(Beginning of DATA FOR REVIEW)

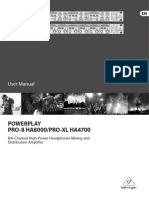 Behringer Powerplay Pro 8 Ha8000 Manual Do Proprietario PDF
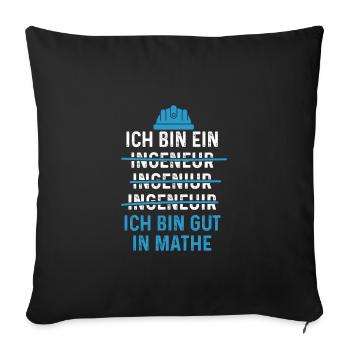 Ingenieur - Sofakissenbezug 45 x 45 cm - Schwarz - Vorne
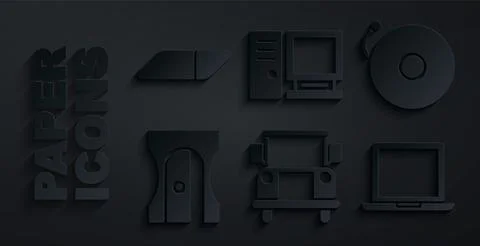 Set School Bus, Ringing alarm bell, Pencil sharpener, Laptop, Computer monitor Stock Illustration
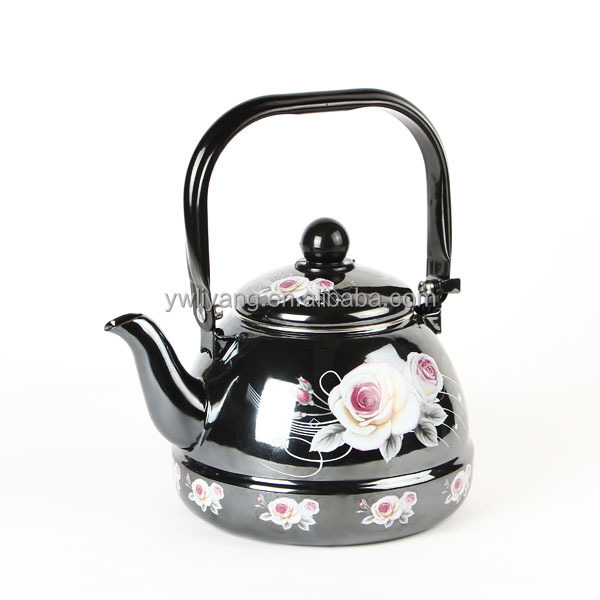 1.6L/2.5L/3L Black Enamel Kettle with Decal High Quality Enameled Teapot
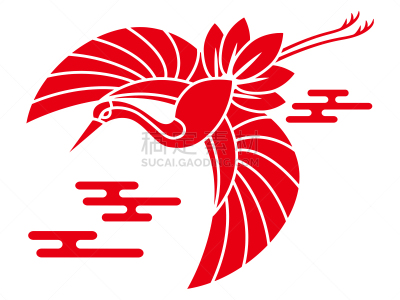 背景,绘画插图,飞,矢量,鹤,材料,华丽的,云景,云,十二生肖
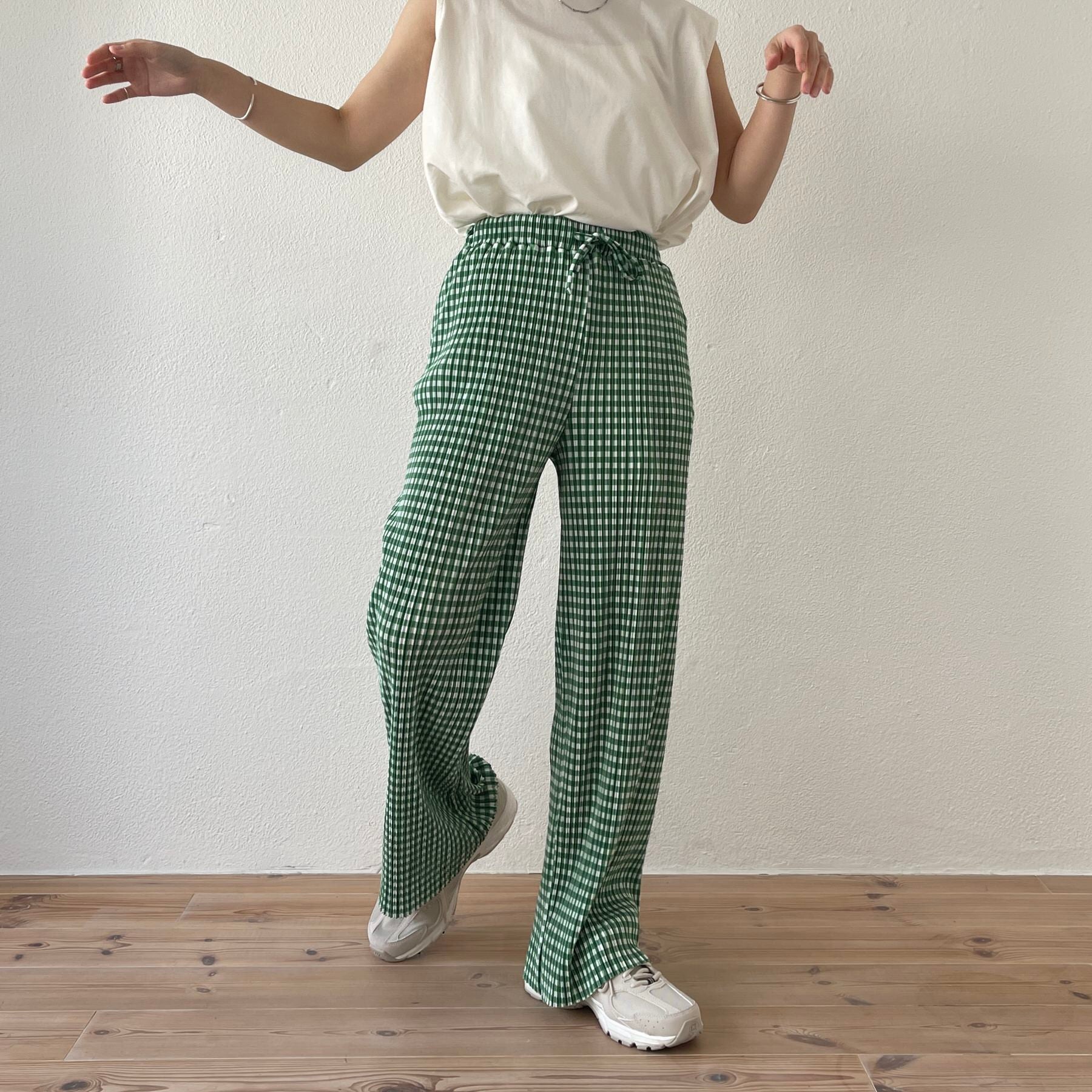 gingham check pleats pants / green （ギンガムチェックプリーツ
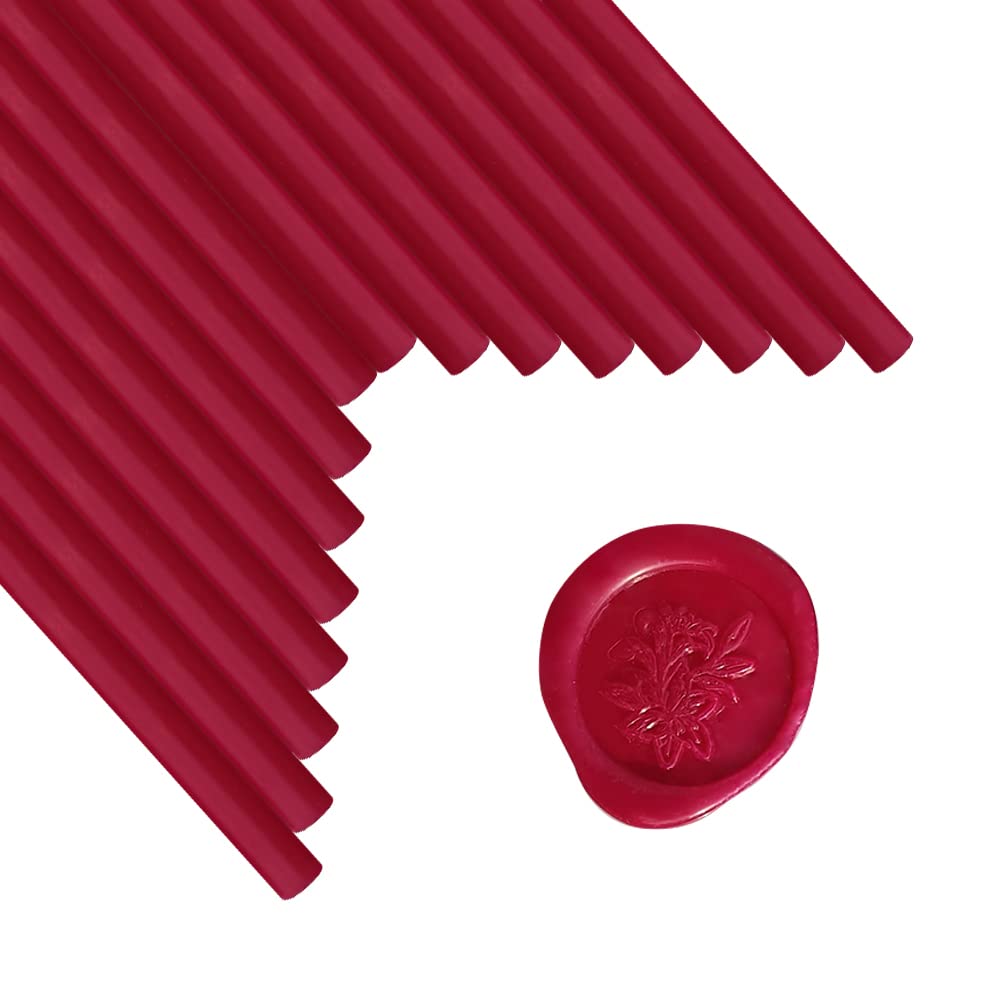 Wax Seal Sticks, ANBOSE 16 Pieces Glue Gun Sealing Wax Sticks for Wax Seal Stamp, Wine Red Wax Seal Stick for 0.44 Inch Glue Gun, for Wedding Invitations, Cards, Envelopes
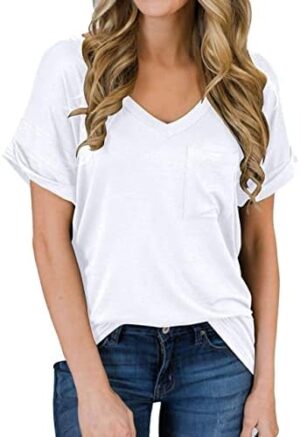 MIHOLL Women's Short Sleeve V-Neck Shirts Loose Casual Tee T-Shirt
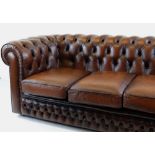 VICTORIAN-STYLE BROWN LEATHER CHESTERFIELD SOFA, button-upholstered with loose cushions, 183 x 92
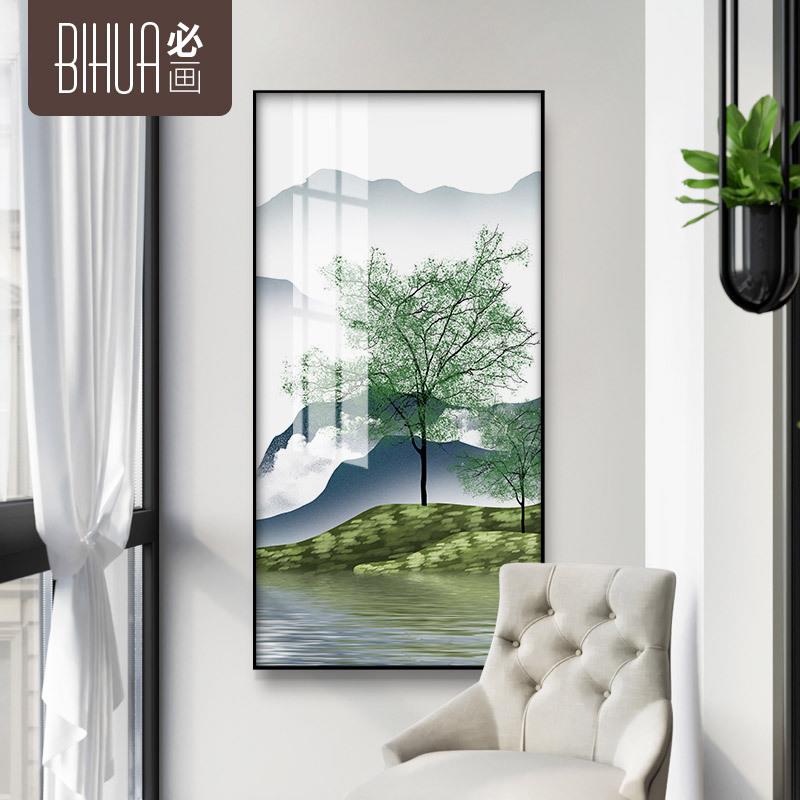 新中式挂画晶瓷画入户玄关装饰画晶瓷走廊楼梯过道壁画抽象山水画图片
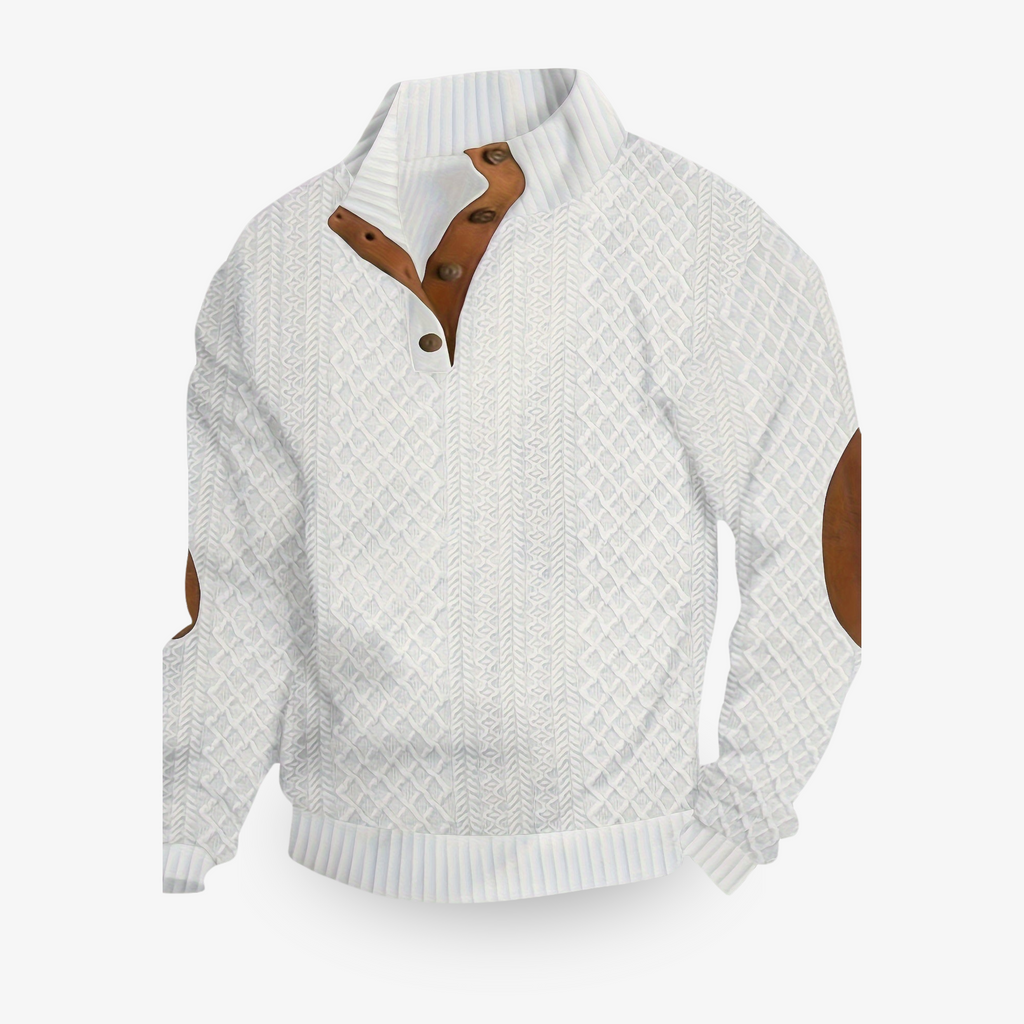Zipari | Luxe Gebreide Heren Kabeltrui met Elleboogstukken - Warme Wintertrui met Ronde Hals & Patches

(End of DATA FOR REVIEW)

EXERCISE BRIEF >>
The copy you give must repeat each record character for character, but it must not include the pictures.

SOLUTION FOR THIS EXERCISE >>
 Behringer Powerplay Pro 8 Ha8000 Manual Do Proprietario PDF
 Ingenieur - Sofakissenbezug 45 x 45 cm - Schwarz - Vorne
 Set School Bus, Ringing alarm bell, Pencil sharpener, Laptop, Computer monitor Stock Illustration
 1.6L/2.5L/3L Black Enamel Kettle with Decal High Quality Enameled Teapot
 背景,绘画插图,飞,矢量,鹤,材料,华丽的,云景,云,十二生肖
 gingham check pleats pants / green （ギンガムチェックプリーツ
 Wax Seal Sticks, ANBOSE 16 Pieces Glue Gun Sealing Wax Sticks for Wax Seal Stamp, Wine Red Wax Seal Stick for 0.44 Inch Glue Gun, for Wedding Invitations, Cards, Envelopes
 MIHOLL Women's Short Sleeve V-Neck Shirts Loose Casual Tee T-Shirt
 VICTORIAN-STYLE BROWN LEATHER CHESTERFIELD SOFA, button-upholstered with loose cushions, 183 x 92
 新中式挂画晶瓷画入户玄关装饰画晶瓷走廊楼梯过道壁画抽象山水画图片
Zipari | Luxe Gebreide Heren Kabeltrui met Elleboogstukken - Warme Wintertrui met Ronde Hals & Patches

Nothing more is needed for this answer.